Dear luke,
I was thinking of your problem with needing to drive 128 gates from 1.
<disclaimer> There comes a time in life where people, or rather I, must demonstrate to the world just how stupid I really am. And there comes a time in life where people like you rebuke my idea in the foolish expectation that it will *never* be proposed again. :)
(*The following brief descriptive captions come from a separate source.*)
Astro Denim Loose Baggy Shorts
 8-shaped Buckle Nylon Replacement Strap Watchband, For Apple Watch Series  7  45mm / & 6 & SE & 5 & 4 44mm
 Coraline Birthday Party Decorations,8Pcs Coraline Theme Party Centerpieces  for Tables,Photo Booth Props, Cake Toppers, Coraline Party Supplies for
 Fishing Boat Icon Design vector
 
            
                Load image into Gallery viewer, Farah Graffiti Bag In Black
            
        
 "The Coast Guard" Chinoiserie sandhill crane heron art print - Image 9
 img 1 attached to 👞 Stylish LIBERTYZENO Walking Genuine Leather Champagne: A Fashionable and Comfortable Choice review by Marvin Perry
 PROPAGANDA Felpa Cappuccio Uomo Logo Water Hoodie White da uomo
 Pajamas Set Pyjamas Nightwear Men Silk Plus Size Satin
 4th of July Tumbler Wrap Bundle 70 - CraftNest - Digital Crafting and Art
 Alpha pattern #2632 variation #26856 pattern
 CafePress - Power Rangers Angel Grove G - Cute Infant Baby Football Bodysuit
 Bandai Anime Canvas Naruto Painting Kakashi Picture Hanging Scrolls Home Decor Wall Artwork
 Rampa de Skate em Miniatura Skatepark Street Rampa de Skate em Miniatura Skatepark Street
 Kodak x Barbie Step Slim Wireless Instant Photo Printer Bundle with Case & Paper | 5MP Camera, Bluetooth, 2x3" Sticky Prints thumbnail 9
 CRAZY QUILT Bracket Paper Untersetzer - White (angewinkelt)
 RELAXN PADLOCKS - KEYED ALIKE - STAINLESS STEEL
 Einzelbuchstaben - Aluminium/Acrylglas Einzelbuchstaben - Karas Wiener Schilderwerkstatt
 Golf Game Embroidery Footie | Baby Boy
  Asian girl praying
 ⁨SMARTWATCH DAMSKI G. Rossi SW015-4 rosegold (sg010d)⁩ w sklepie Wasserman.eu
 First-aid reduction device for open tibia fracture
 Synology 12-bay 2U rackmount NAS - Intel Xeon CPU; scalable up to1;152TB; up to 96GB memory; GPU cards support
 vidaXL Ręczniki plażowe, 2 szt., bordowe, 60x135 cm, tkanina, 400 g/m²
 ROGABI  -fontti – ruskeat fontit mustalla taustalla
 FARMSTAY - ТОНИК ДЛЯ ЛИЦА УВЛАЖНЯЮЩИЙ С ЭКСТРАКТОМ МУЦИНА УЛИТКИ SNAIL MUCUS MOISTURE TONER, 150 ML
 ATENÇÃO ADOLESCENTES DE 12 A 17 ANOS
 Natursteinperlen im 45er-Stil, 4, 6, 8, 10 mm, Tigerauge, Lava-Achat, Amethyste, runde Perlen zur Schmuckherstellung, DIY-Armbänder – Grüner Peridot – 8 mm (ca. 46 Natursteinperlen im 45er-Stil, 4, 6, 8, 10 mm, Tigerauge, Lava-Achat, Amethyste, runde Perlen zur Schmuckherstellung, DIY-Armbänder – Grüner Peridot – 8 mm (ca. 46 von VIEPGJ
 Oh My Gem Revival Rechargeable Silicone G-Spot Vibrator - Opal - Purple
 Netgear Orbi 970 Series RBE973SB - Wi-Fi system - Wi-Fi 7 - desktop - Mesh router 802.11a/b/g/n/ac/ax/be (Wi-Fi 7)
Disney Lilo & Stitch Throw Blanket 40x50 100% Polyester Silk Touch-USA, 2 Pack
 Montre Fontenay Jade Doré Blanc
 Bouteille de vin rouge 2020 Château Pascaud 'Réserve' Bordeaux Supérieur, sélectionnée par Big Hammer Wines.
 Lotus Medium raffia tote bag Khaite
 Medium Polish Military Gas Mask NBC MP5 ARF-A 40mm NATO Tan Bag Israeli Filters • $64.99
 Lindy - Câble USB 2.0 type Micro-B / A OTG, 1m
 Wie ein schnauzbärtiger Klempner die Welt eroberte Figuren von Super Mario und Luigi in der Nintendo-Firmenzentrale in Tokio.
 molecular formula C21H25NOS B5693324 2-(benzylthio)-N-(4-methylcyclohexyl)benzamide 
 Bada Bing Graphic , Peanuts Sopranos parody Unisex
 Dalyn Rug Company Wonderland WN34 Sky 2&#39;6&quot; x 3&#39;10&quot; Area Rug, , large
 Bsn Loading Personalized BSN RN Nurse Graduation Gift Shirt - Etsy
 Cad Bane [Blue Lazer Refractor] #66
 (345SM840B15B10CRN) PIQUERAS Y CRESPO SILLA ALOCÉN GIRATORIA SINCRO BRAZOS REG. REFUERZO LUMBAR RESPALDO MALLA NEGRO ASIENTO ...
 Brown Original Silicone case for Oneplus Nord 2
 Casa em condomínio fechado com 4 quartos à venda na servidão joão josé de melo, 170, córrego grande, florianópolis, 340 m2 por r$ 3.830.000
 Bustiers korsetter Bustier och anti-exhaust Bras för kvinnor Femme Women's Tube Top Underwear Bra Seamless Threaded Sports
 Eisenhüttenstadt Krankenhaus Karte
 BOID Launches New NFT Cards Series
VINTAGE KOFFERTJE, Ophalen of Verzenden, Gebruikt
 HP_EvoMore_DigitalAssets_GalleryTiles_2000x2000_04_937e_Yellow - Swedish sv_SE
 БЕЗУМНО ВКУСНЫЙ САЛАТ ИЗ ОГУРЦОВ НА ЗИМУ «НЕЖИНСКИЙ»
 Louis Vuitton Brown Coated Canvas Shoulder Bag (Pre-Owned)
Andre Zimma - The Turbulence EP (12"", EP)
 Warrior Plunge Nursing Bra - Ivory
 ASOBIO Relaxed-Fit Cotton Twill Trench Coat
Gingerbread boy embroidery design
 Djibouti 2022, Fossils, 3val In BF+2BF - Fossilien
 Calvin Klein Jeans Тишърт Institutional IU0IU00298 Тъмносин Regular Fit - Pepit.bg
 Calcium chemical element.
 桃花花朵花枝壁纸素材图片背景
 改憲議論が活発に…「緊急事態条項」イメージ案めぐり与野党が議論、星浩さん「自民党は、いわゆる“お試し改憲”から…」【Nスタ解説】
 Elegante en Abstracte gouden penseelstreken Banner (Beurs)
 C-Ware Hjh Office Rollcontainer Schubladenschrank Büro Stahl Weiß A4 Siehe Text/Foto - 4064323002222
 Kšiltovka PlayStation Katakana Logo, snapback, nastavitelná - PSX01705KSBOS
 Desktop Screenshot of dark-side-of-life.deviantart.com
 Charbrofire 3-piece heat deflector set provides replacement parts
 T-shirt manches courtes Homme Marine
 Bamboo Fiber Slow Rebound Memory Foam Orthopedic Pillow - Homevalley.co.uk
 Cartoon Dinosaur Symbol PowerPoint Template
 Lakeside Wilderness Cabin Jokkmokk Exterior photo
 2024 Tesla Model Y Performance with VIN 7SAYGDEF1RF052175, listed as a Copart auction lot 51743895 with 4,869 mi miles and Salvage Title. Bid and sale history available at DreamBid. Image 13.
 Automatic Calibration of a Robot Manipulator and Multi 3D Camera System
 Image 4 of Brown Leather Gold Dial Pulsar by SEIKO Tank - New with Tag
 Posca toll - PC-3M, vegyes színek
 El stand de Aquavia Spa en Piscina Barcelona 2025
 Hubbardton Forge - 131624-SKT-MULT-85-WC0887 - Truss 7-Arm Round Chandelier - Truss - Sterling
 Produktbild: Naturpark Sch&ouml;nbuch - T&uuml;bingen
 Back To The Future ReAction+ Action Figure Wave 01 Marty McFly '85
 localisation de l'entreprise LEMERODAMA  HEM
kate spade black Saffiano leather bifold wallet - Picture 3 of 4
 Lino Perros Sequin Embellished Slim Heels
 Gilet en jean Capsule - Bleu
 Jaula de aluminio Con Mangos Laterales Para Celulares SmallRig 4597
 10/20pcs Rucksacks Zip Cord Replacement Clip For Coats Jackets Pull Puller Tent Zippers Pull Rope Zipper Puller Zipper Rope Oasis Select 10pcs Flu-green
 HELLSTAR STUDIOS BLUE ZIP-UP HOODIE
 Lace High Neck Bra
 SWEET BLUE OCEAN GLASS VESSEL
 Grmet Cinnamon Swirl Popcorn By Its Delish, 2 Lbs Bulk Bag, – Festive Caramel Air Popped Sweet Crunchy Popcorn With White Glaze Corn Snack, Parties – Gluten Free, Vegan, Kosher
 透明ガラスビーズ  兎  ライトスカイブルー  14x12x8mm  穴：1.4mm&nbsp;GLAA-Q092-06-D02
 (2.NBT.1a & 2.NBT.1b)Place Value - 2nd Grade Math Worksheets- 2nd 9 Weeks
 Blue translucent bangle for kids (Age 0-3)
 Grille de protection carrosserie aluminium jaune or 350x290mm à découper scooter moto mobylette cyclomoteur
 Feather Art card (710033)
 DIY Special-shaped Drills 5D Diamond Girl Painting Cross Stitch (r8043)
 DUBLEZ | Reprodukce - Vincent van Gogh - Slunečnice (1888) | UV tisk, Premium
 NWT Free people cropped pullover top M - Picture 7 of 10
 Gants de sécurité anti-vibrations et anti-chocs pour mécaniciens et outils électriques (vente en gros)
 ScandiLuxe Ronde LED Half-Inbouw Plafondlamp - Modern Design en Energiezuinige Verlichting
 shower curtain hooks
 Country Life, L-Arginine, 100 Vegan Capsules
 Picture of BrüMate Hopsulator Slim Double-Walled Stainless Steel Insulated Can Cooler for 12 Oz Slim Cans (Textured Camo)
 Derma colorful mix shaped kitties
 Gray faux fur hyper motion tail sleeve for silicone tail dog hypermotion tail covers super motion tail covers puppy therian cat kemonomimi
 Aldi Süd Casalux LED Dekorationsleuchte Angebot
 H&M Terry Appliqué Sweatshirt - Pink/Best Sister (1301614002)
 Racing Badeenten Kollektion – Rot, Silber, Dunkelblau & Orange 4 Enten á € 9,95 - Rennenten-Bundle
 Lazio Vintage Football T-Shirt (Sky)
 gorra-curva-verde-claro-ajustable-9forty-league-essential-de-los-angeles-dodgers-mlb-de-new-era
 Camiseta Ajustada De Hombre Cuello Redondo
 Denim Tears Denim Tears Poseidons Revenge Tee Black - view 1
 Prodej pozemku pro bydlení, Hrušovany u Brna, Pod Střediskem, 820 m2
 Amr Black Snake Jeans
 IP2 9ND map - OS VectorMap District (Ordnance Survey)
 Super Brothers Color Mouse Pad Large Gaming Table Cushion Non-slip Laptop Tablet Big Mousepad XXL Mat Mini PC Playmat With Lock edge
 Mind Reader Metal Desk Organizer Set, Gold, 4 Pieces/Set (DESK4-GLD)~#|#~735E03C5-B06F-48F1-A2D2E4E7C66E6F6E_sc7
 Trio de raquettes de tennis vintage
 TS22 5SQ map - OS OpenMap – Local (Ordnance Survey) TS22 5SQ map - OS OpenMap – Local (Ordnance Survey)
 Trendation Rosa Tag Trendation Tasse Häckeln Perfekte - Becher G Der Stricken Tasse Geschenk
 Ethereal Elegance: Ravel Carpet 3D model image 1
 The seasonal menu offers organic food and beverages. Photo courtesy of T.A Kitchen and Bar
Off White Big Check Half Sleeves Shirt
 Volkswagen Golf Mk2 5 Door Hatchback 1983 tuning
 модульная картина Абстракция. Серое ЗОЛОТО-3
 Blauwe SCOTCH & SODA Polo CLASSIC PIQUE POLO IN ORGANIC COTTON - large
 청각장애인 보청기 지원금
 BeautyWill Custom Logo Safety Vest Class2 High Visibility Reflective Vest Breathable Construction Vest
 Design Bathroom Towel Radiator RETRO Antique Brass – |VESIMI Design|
I am going to propose a solution that works on paper. I have NO experience with logic programming, architecture, or chip design of any sort. What I propose causes a major increase in complexity, while keeping the amount of transistors roughly the same, and maintaining the speed and power efficiency you desired. <\disclaimer>
I have no idea how well my idea will scale, with respect to the amount of driven gates. But I have throughly researched it as best as I can. You can find a nice table, which I can only partially understand here: https://courseware.ee.calpoly.edu/~dbraun/courses/ee307/F99/01_10/01_Francoi... It will explain how many gates you can drive from one with respect to the maximum and minimum current that the gates accept and output. The capacitance and resistance of the gates and wires may prove somewhat more difficult to ascertain.
Attached are 2 images (No, ASCII art would not have worked here). One shows a set of NAND gates with an ordinary layout. I chose NAND gates because NAND is one of two universal gates. The second image shows a modified version of the first. It uses a recursive layout of NAND gates enabling a tree like effect.
These were both drawn while riding in a car so don't expect perfection. Also, my scanner got both sides of the paper on one page (technically, image), which was annoying. So I cleaned the images up a bit.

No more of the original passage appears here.